Development in San Antonio and a lack of resources at the state-level reshaped one of Texas’ largest rivers, resulting in flooding, log jams and the loss of ranch land.
TIVOLI – At the end of what’s left of the San Antonio River, logjams are changing the landscape.
The mighty San Antonio flows as wide as a creek across the bottom of Fagan Ranch, where a three-mile logjam grows daily, backing up water, changing the course of the river and turning the nearly 200-year-old cattle ranch into a wet bog.
“This is the dumping ground for the San Antonio River,” Ginger Fagan, a former county judge known by some as The Iron Lady, said. “We have refrigerators, tires, bowling balls; it’s a dumping ground.”
When it comes to protecting private property and public waters against logjams, the rules are murkier than the clogged-up river.
Fagan and her family say the responsibility belongs to the Guadalupe-Blanco River Authority.

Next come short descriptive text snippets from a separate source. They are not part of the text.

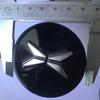 Wheel Center Cap for XPENG P5,P7,G3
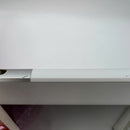 iPad Gen 8 2020 10.2in 32GB Silver 4G + Wifi 98% battery from 85% from AU (scratched edges, scratched back, only uses Vietnamese sim) 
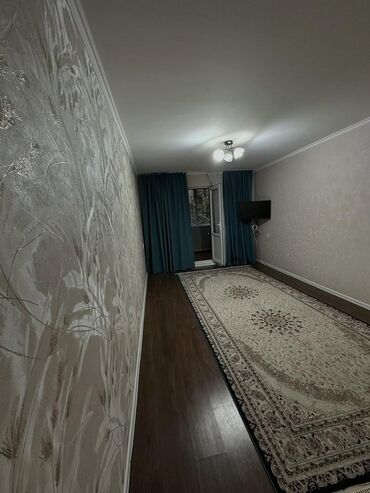 Продажа квартир: Светлая квартира с продуманной планировкой и современным интерьером — 9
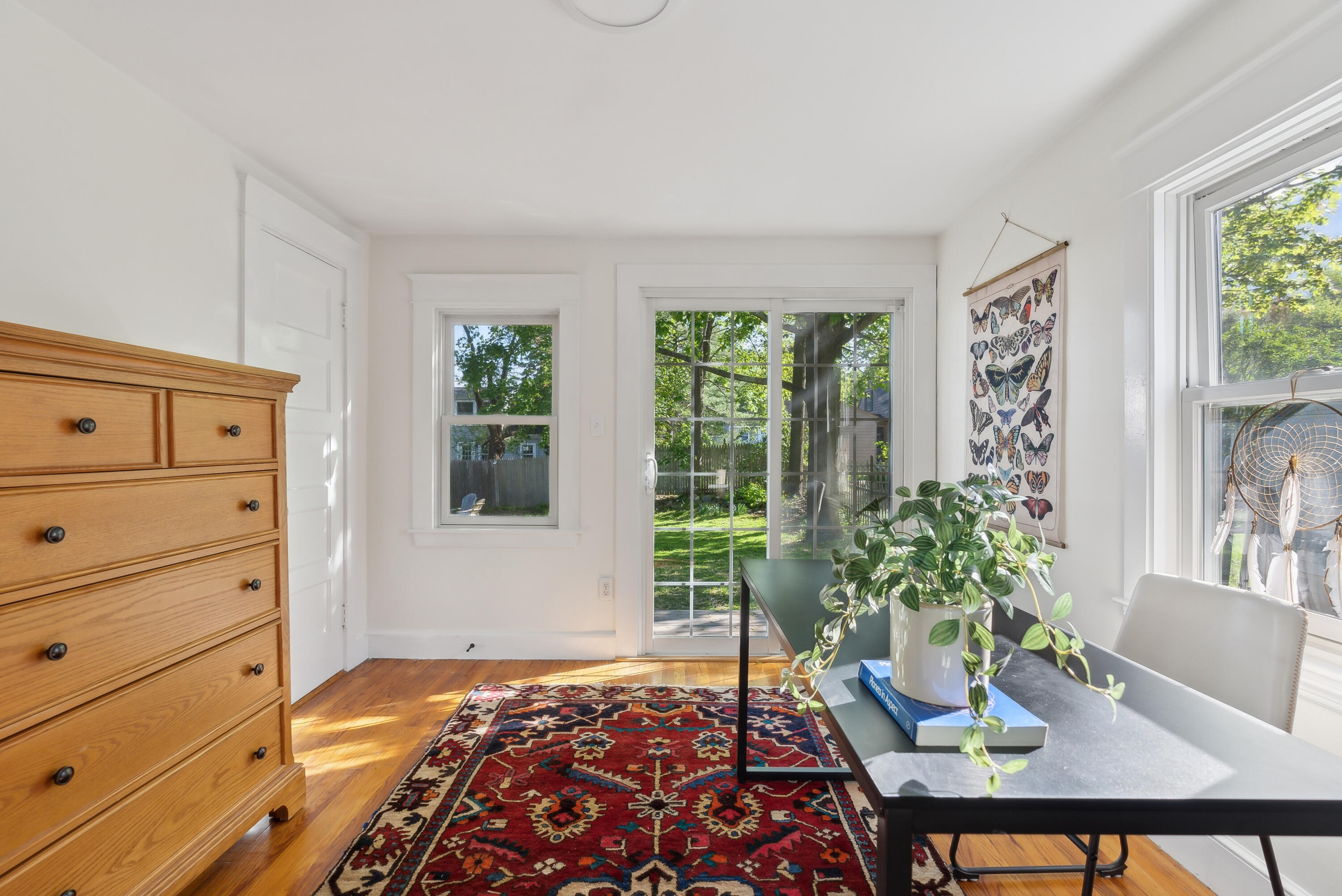 90 Wellington Road Portland, ME 04103 - Photo 20 of 27 DSC03215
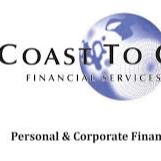 Coast to Coast Financial Services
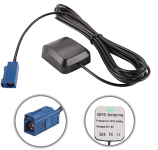 GPS Receiver.png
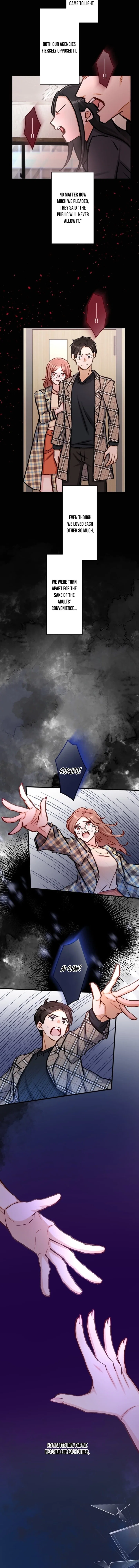 Chapter 23 - Image 10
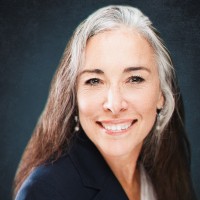 Angela Williams Email & Phone Number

The river authority, which was created in 1933 by the Texas Legislature to develop, conserve and protect the water resources for a 10-county area, says otherwise.
Its enabling act specifies part of its function is “to prevent or aid in the prevention of damage to person or property from the waters of the Guadalupe and Blanco rivers and their tributaries,” including the San Antonio River.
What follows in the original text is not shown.